The pool, not the query, is what falls over first under load.

- One pool per process; size it to the DB's `max_connections`, not to request volume.
- **Serverless** (Lambda/Vercel/Workers): low per-instance limit (e.g. `connection_limit=1`) **plus** an external pooler (PgBouncer / RDS Proxy / Prisma Accelerate) — function fan-out otherwise exhausts connections. → `prisma-patterns`, `postgres-patterns`, `mysql-patterns`
- Set `statement_timeout` and `idle_in_transaction_session_timeout`; use `SKIP LOCKED` only for queue work, never for integrity-sensitive reads.

## 4. Migration model (expand / contract)

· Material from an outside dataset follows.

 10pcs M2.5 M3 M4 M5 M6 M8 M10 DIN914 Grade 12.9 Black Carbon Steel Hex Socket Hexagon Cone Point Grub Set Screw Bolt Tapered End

Every production schema change is a migration, applied through tooling, **forward-only**:

```
EXPAND (add nullable col / new table, concurrent index)
  → BACKFILL (separate data migration)
    → switch app reads/writes
      → CONTRACT (drop old column/table a later deploy)
```

- Never `NOT NULL` without a default; never an inline index on a large existing table — `CREATE INDEX CONCURRENTLY`.
- Schema (DDL) and data (DML) live in **separate** migrations; deployed migrations are immutable (fix forward). → `database-migrations`

## 5. Moving data correctly

- Move compute to where the data is; prefer warehouse-native scans/appends for large landed files.
- Make bulk writes **idempotent** (unique keys, manifests, replaceable staging) and batch small writes.
- Keep raw / derived / serving tables separately accountable; prove a job done with manifest + row-count + max-timestamp gates, not wall-clock. → `data-throughput-accelerator`

## 6. Version / tooling matrix

| Store | Target | Watch for | Spoke |
|---|---|---|---|
| PostgreSQL | 14+ | RLS policy perf (wrap `auth.uid()` in `SELECT`), `pg_stat_statements` | `postgres-patterns` |
| MySQL / MariaDB | MySQL 8 / MariaDB 10.6+ | `VALUES()` vs row-alias divergence in `ON DUPLICATE KEY UPDATE` | `mysql-patterns` |
| Prisma | 5.x / 6.x | `relationJoins` row explosion; `updateMany` returns count; `migrate dev` resets DB | `prisma-patterns` |
| ClickHouse | recent LTS | MergeTree engine + ORDER BY/partition choice; avoid `FINAL` and small inserts | `clickhouse-io` |
| Redis | 6+ | atomicity needs Lua/MULTI; eviction policy + persistence (RDB/AOF) | `redis-patterns` |
| Migration tooling | Prisma · Drizzle · Kysely · Django · TypeORM · golang-migrate | forward-only in prod | `database-migrations` |

## 7. Shared guardrails

- **Match the store to the access pattern** (§1); don't run OLAP on your OLTP primary; Redis is never the system of record.
- Index by query shape; index every FK; pick types deliberately (no `float` money, no `varchar(255)` reflex).
- Size pools to the DB, not the traffic; serverless = external pooler + low per-instance limit; always set timeouts.
- Every prod schema change is a forward-only migration via expand/contract; no `NOT NULL` without default; build indexes concurrently; DDL and DML separate; deployed migrations immutable.
- Validate inputs at the app boundary; never interpolate untrusted SQL.
- Bulk/ETL writes are idempotent and proven correct (manifests + counts) before completion.